I use a 10" diameter plant pot saucer or, in my larger enclosures, non-perforated plant seed trays measuring about 12" x 8" x 2.5" deep. These are my preferred. Always conscious of drowning so put clumps of moss or pond weed eg hornwort in, or a flattened pebble ramp. This also serves to provide some hiding places should I miss a couple of youngsters thus reducing issues re cannibalism. The bigger the better really but not too deep. Mine are limited to fit into the main enclosures. As MasSalvaje says, check the dish regularly throughout the day over a number of days.

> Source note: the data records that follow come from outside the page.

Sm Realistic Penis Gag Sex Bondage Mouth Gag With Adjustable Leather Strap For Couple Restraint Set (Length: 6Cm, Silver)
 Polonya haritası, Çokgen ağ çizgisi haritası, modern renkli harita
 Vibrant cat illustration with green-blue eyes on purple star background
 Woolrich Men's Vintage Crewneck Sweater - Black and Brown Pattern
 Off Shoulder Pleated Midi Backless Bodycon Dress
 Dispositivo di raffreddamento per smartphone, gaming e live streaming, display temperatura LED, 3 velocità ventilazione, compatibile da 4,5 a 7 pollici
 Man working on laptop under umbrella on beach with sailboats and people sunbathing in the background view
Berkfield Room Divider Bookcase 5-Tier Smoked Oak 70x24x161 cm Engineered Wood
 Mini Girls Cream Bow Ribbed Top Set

Dave I've seen these videos too. They never show the drowning salamanders do they? Believe me, captive animals lose the edge I reckon. Maybe they become less motile or less active but some are prone to drowning. Why take the risk? There's no need to. I'd also keep in mind the size differences in the various subspecies eg my Alfredschmidti compared with my orientalis. Plus, it's much more convenient emptying, cleaning and replacing water in these smaller containers than a large one.
I guess the females can't always find perfect conditions in nature and have to make do with second best some years, even if they risk drowning themselves.
I do agree that some caudates take unatural risks as a result of captivity. The "begging" to be fed behaviour is a good example of this, in the wild it would be a good way of getting attacked or killed, but they seem to throw caution to the wind and think with their stomachs.